Putrid poultry scramble sparks Sierra Leone spat
FREETOWN: A scramble by thousands of people for scraps of imported rotten chicken sparked a huge standoff between police and residents in Sierra Leone’s capital over the weekend, the health ministry said.
The ministry said health inspectors and police were on the hunt for what remained of a huge consignment of putrid poultry imported from Brazil on July 12, which was buried at a Freetown rubbish dump after health officials deemed it unfit for consumption.
But thousands of residents went to the dump in the city’s east after learning about the vast haul of chicken, which they then tried to dig out with shovels, hoes and pickaxes.
Police moved in, using tear gas, stun grenades and rubber bullets to prevent people from removing the contaminated meat after crowds barged past health inspectors.

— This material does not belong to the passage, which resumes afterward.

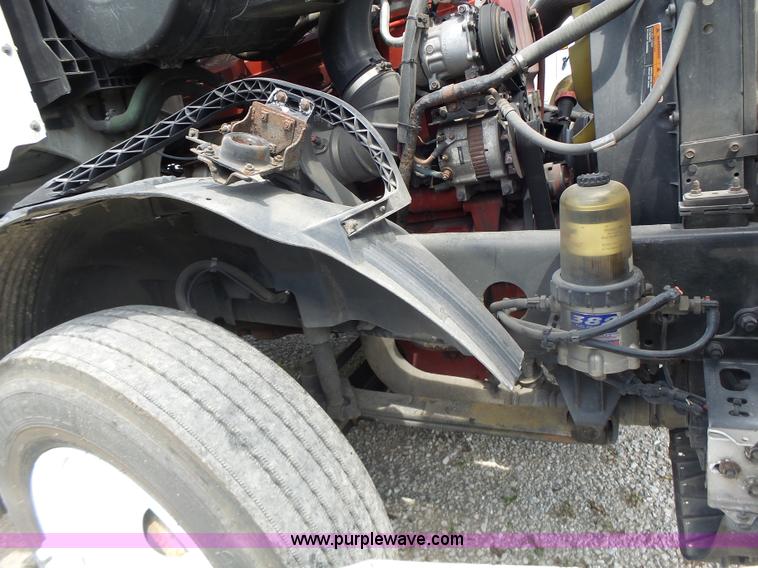 image for item L6161 2006 Volvo VNL semi truck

Police made 40 arrests, the ministry said, adding that three quarters of the chicken had been crushed with mud at a site littered with human and animal faeces as well as other domestic and industrial waste.

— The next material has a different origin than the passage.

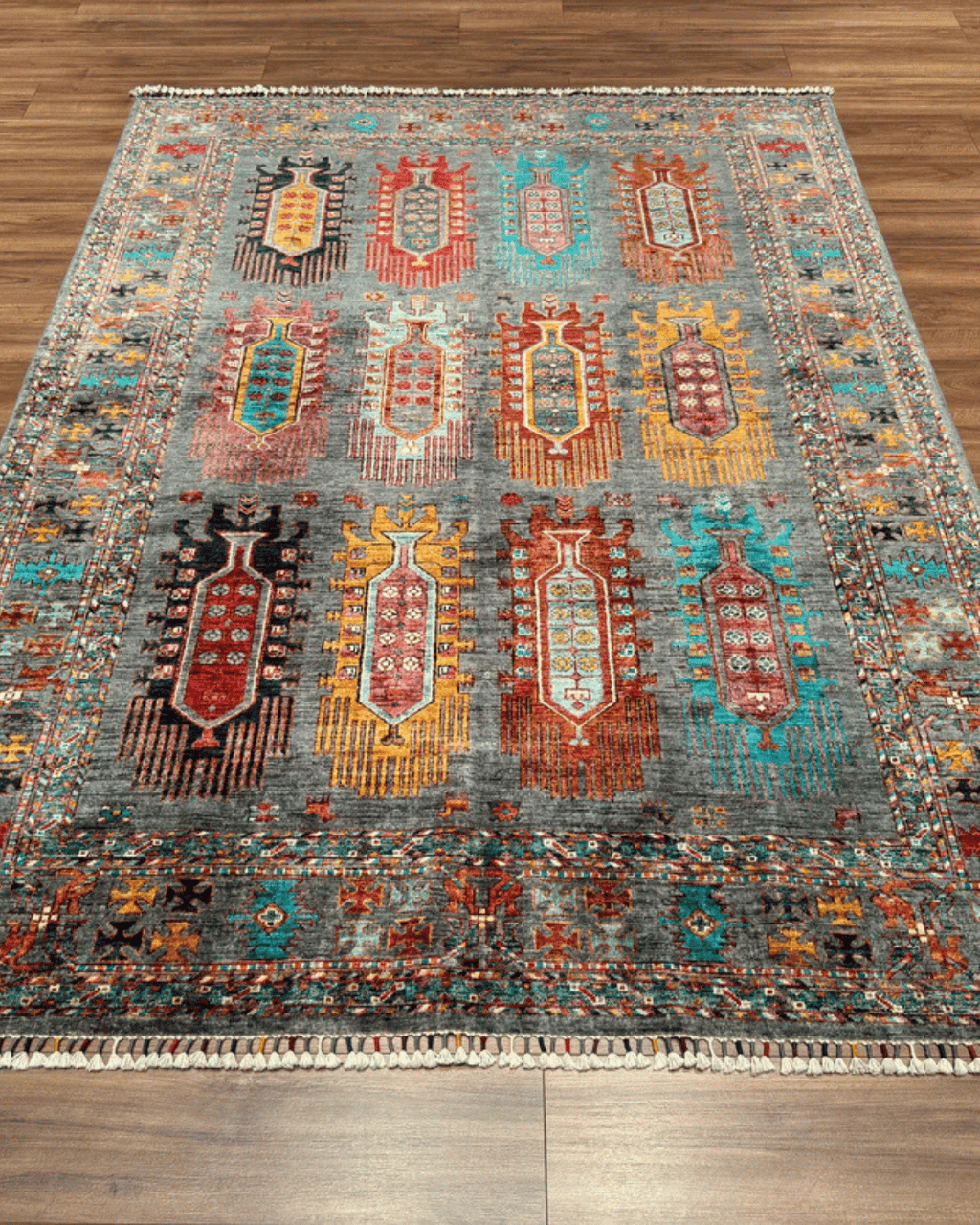 Veziri Hand-Knotted Wool Rug 5' 7" x 7' 7"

Despite efforts to stop people getting their hands on the meat in clashes which left several with minor injuries, many residents managed to make off with scraps.

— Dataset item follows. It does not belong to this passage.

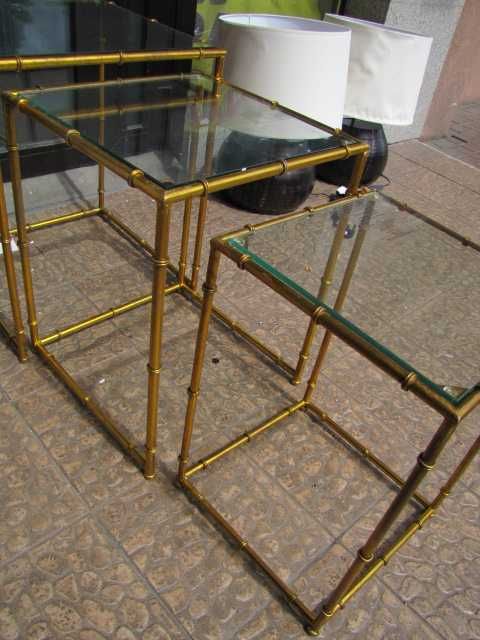 Zestaw 3 stolików kawowych szklanych metalowe złote nogi komplet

“We are going to wash, cook and eat the chicken during our family supper,” said Aminata Kamara, a mother of three who managed to salvage two bags of the rotten chicken.
Smiling broadly, she hurriedly called her siblings to bring a bucket of water and soap to clean the grime-covered chicken, a meat that is highly popular amongst families in Freetown alongside fish.
An elite police unit acting on a tip-off raided nearby shops and confiscated cartons of the rotten chicken.
Civil society groups demanded that local authorities immediately investigate the company that imported the meat, Universal Impex Business.
The chairman of the company has reportedly gone into hiding.
“We are worried that some of the rotten chicken if consumed might cause an outbreak (worse) than Ebola,” said Victor Lansana Koroma, director of a local health NGO, demanded the arrest and prosecution of the importer.
Sierra Leone is only just recovering from a recent Ebola outbreak that left over 4,000 people dead in the country.
Some 60 per cent of people in Sierra Leone live below the national poverty line, according to the UN Development Programme.